À UCLA, des manifestants pro-palestiniens affrontent la police

Des manifestants pro-palestiniens de l’Université de Californie à Los Angeles se sont affrontés lundi avec les forces de l’ordre, parfois physiquement, alors qu’ils tentaient d’occuper des espaces extérieurs et de rétablir un campement de protestation dans les derniers jours du trimestre de printemps.

Plus de 20 manifestants ont été arrêtés lundi soir. Certains ont été libérés après avoir reçu des citations pour délit pour avoir perturbé le campus.

La manifestation a débuté lundi sous la forme d’un cortège funèbre, traversant le campus alors que les manifestants lisaient les noms des Palestiniens tués pendant la guerre entre Israël et le Hamas. C’était la dernière indication que les manifestants avaient l’intention de rester bruyants, avant les cérémonies d’ouverture plus tard cette semaine et une décision mercredi des régents de l’Université de Californie sur le prochain chancelier de l’UCLA.

L’université a connu un printemps tumultueux. De violentes attaques perpétrées par des partisans d’Israël ont commencé dans la nuit du 30 avril, suivies environ un jour plus tard par le démantèlement d’un campement pro-palestinien, entraînant des centaines d’arrestations.

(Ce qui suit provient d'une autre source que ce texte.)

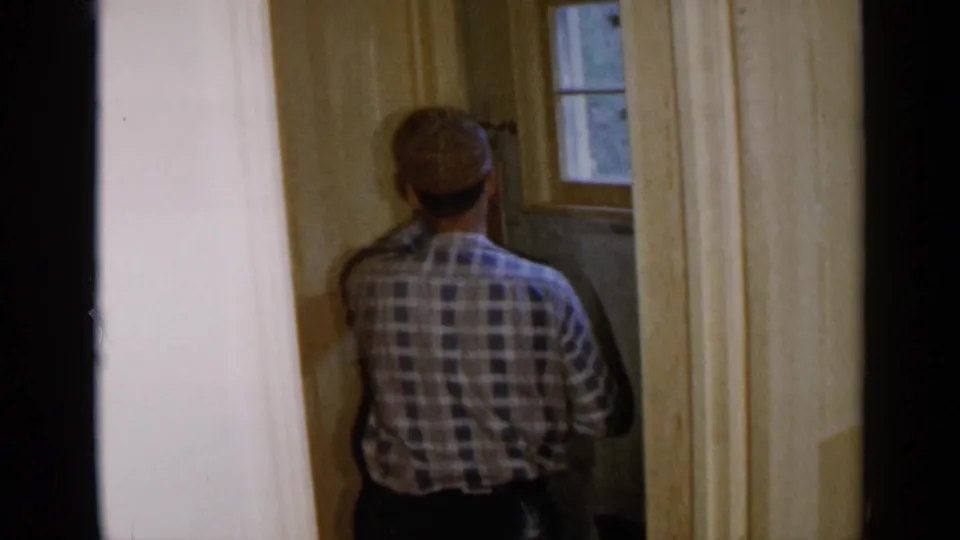 The home-movie frame shows the man continuing wall work in an unfinished private room in Birmingham in 1957.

Les administrateurs avaient laissé ce campement en place pendant des jours, mais lundi, des dizaines de policiers et d’agents de sécurité privés sont arrivés rapidement. Dans un cas, ils se sont précipités pour affronter des manifestants qui tentaient de se barricader dans une cour. Dans un autre cas, deux policiers ont pointé des armes non létales vers des manifestants alors qu’un autre manifestant était arrêté et emmené dans un bâtiment du campus.

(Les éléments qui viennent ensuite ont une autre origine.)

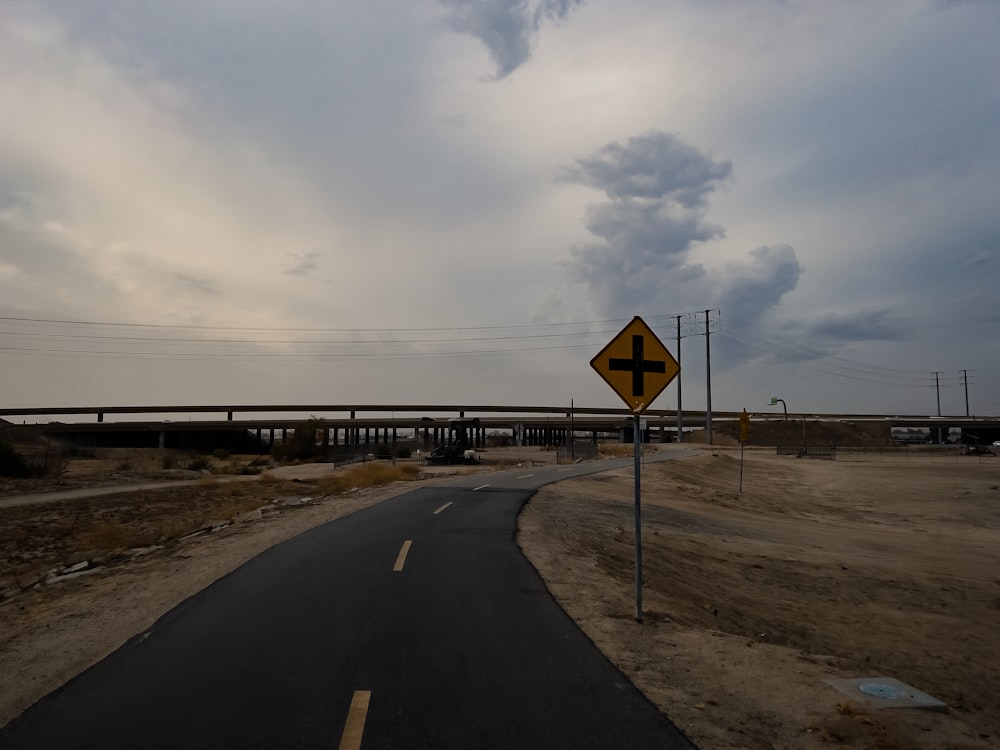 a road sign on the side of a road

Vers 20 heures, suite à un ordre de dispersion donné plus tôt dans la soirée, des policiers en tenue anti-émeute de plusieurs agences ont commencé à arrêter des personnes. Une centaine de manifestants sont restés, scandant des slogans contre les policiers.

“Nos équipes des affaires étudiantes et de la sécurité du campus sont sur place pour contribuer à assurer le bien-être et la sécurité de notre communauté”, a déclaré Mary Osako, vice-chancelière de l’université chargée des communications stratégiques, dans un communiqué lundi soir.

En avril, les administrateurs ont initialement adopté une approche non interventionniste à l’égard du campement pro-palestinien rassemblé sur un quad emblématique du campus, car ils affirmaient que les politiques de l’Université de Californie donnaient une grande latitude à la liberté d’expression pacifique.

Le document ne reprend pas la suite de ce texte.